Records drawn from a dataset:
----------

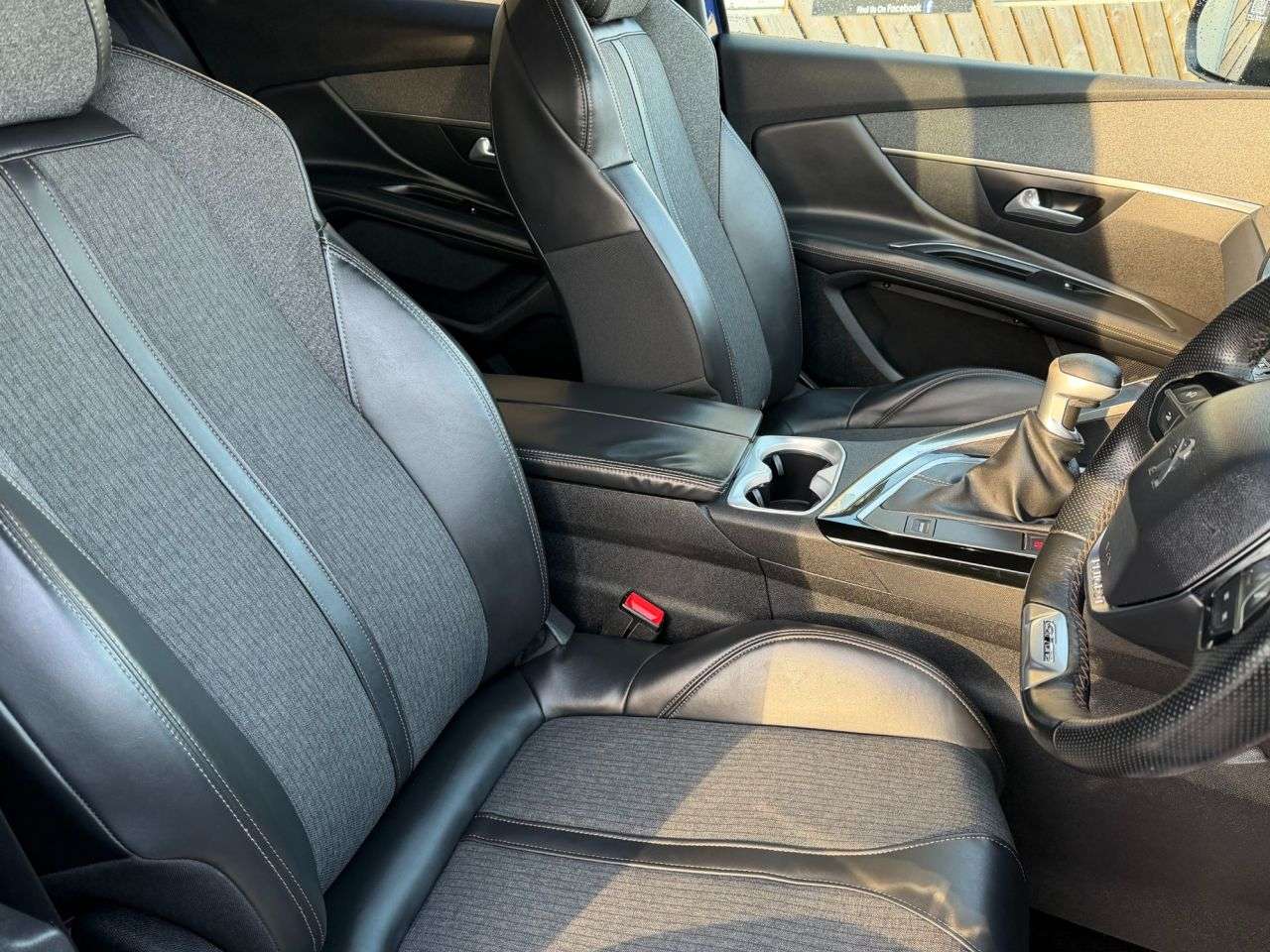 2018 PEUGEOT 3008 2018 PEUGEOT 3008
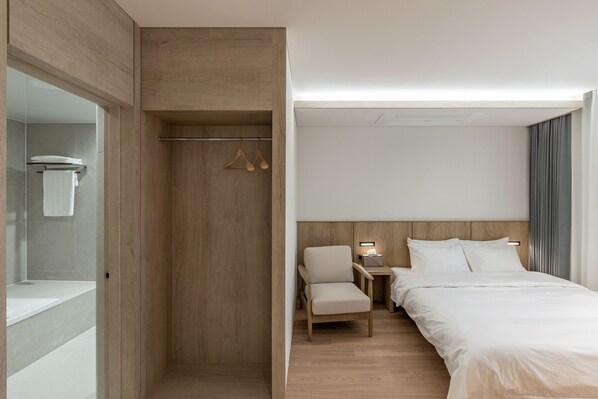 Deluxe Double Room B | Roupas de cama premium, edredons de pluma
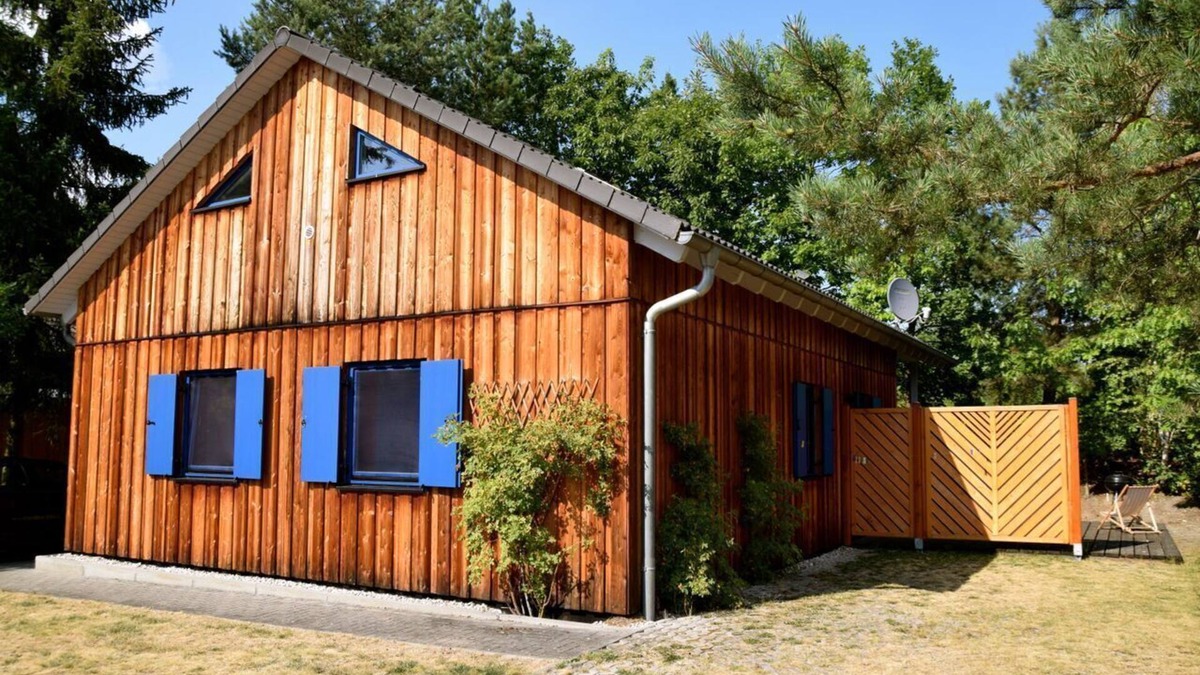 Wackersdorf House | Beautiful vacation home with a patio and gallery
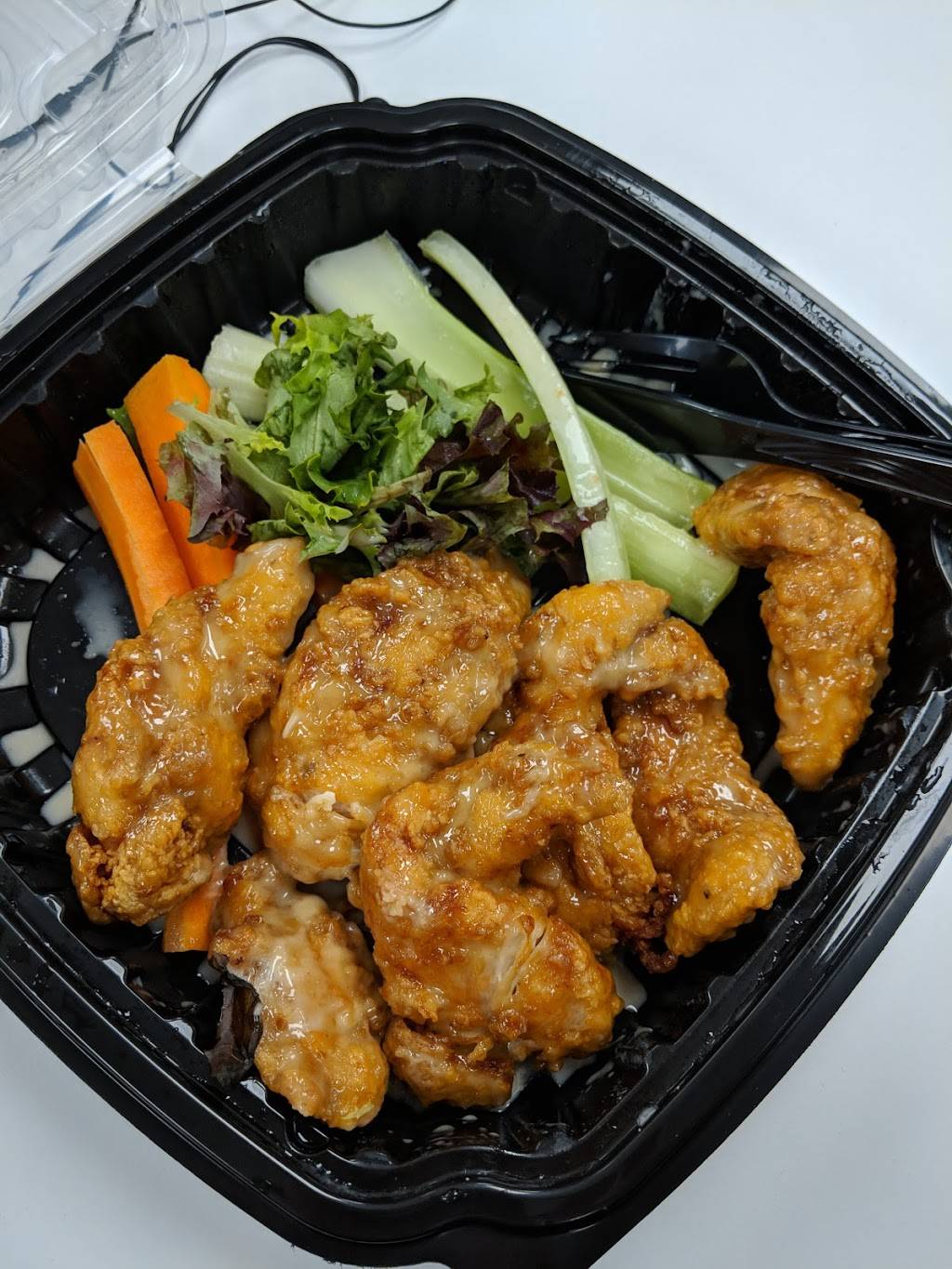 The Range Bar & Grille | restaurant | 306 Whiting St, Hingham, MA 02043, USA | 7818753382 OR +1 781-875-3382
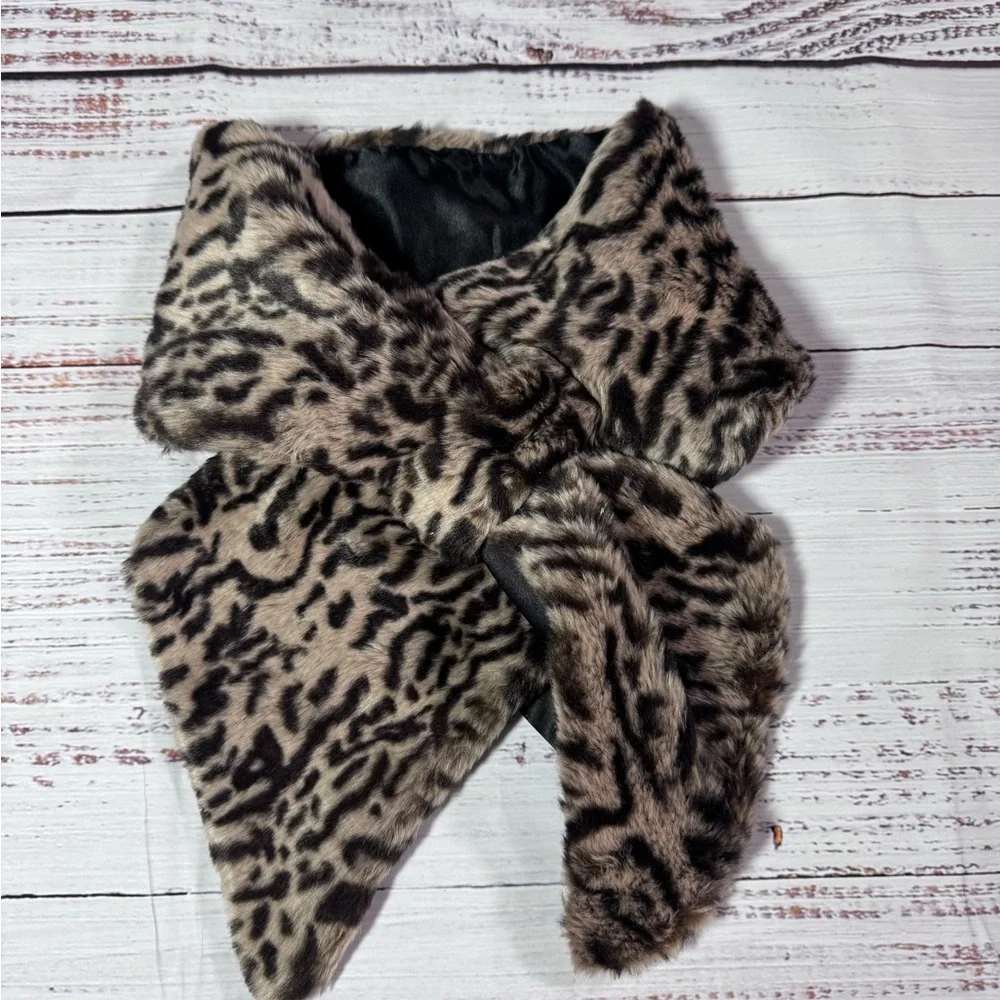 Faux Fur Leopard Print Scarf - Neutral Tones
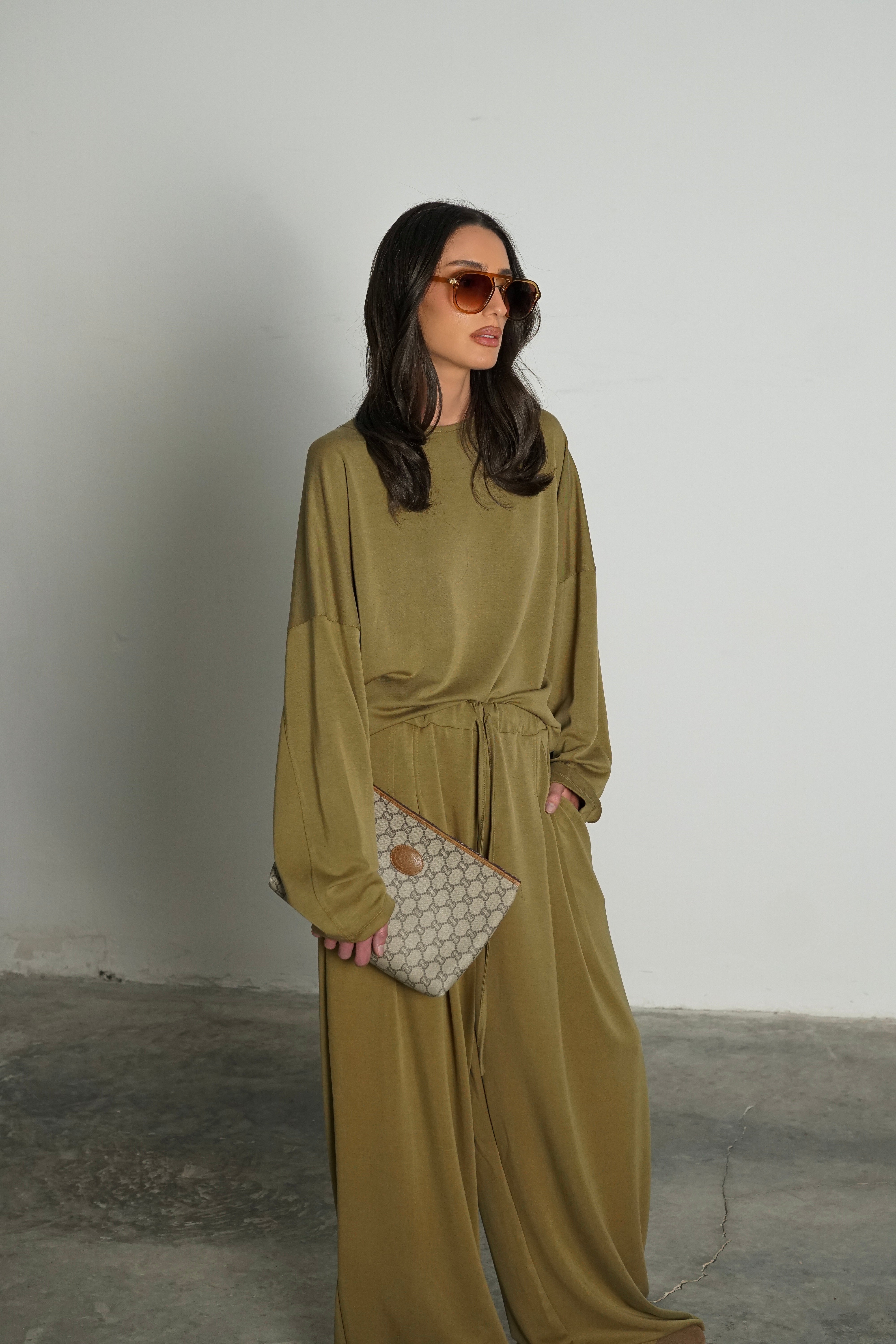 חליפת קולר-ירוק זית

----------

- [The problem] From the line with "Faux Fur Leopard Print Scarf - Neutral Tones" to the final line of the records, inclusive, set down the lines exactly and add nothing; leave every picture out.

- [Completed task]
 Faux Fur Leopard Print Scarf - Neutral Tones
 חליפת קולר-ירוק זית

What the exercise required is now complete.